KINGMAN - The City Council has seven months to convince residents that they need to vote for the first primary property tax paid in Kingman in 35 years.
The Council voted 6-1 to do two things at Tuesday's meeting. One was to extend by 18 months the sunset date of a half-cent sales tax bump the Council approved in 2013, which was set to expire June 30, until Dec. 31, 2017.
The second was to embark on an extensive public education campaign before voters decide the primary property tax question in a special election that would take place in May - at an estimated cost of between $100,000 and $120,000, according to City Clerk Sydney Muhle.
City staff recommended the Council make the temporary sales tax permanent, but six of seven members of the Council, led by Councilman Larry Carver, decided to let voters decide the issue.
"There's nothing more permanent than a temporary tax," said Carver. He said many people who rent homes or business space in Kingman rent from non-residents who "do nothing for us."
Carver said he wanted to educate the public on the tax, why it is necessary and how citizens and the city would benefit.
Councilman Mark Abram said he tended to agree with Carver, saying the implementation of a primary property tax would be the "most efficient" way to collect close to $3 million, which is about what the half-cent sales tax earns, and he suggested extending the sales tax sunset deadline.
Councilwoman Jen Miles, in speaking to the city's need to recruit good employees, said it was a "regional truth" Kingman has to compete for workers, which can be difficult when you have only "one knob to turn."
Here's what people would pay, as a ballpark figure, to raise roughly $3 million per year. A home with an assessed value of $100,000 would be obligated for $170 a year, or less than $15 per month.
"That's the kind of education that's important," said Miles. "Is it not worth $15 a month to know an ambulance will show up?"
It is probable the Council would make the half-cent increase permanent if voters turn down the property tax. The only other possible option would be to ask voters to approve a fire district and let the Kingman Fire Department, which is currently a city-ran entity, stand on its own. Either way, home and business owners, and those who rent, would have a tax to pay.
Whether the funding comes from sales or property or fire district taxes, it will be dedicated to public safety, which takes 56 percent of the city's general fund revenue in fiscal year 2015-2016 ending June 30.

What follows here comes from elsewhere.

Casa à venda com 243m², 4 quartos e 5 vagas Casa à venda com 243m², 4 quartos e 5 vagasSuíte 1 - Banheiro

Council members voted to extend the sunset date until the end of 2017 due to timing. If voters approve the rooftop tax next May, the revenue would not come into city coffers until 2018.
The Council knows the effort to educate residents will be massive, but after two years of giving little more than lip service to finding a permanent and stable revenue stream in the face of persistently dwindling revenue, the Council decided to put the issue in voters' hands.
Carver recalled the entire point of approving the half-cent increase in 2013 was to use it as a revenue bridge until the Council could identify a permanent revenue stream that would relieve the city of its sole reliance on sales taxes to fund services such as police and fire, parks and recreation - which takes14 percent of general fund expenditures - and streets.
Councilwoman Carole Young cast the lone no vote, because she didn't think the Council should extend the sunset date. In fact, Young didn't vote for the half-cent increase in 2013, she said, because she "knew we wouldn't work on a permanent solution."
She also said the city had until 2017 to find a stable and perennial revenue stream, and that there would be enough revenue left after the June 30 expiration to sustain the city through the rest of the year.
Mayor Richard Anderson, however, noted that what the city earned in 2015 was "about what we earned in 2006, and the half cent got us there." Anderson also said the city has grown by about 2,000 people since 2013 and that it has annexed land.
He said voters who will decide the property tax question must be educated, saying some people think they already pay a primary property tax to the city. That hasn't happened since 1980, when the Council in office at the time permanently abolished the tax during a time of high employment and significant sales tax revenue.
The Great Recession had a serious impact on city revenue because sales tax went down at the same time the state kept for itself millions of dollars in gas taxes, lottery money and other sources of revenue normally sent back to cities.
Anderson said part of the education initiative would focus on explaining the current taxing structure in Kingman compared to other Arizona cities and towns.
There are 91 of them that belong to the Arizona League of Cities and Towns. Of those, 65 have a higher sales tax rate than Kingman - and they, unlike Kingman, also tax food purchases. Fifty-one have the same 2.5 percent sales tax rate as Kingman, or higher.
Anderson also noted that Bullhead City and Lake Havasu City charge only 2 percent for sales tax, but Lake Havasu has a property tax. Bullhead City doesn't have a property tax, but neither does it have to fund a fire department.
Residents Herberta Schroeder and Harley Pettit urged the Council to make the half-cent increase permanent. Pettit suggested they increase it another half-cent and make the tax an even 9 percent in total, with a downward tier system for high-dollar purchases such as vehicles.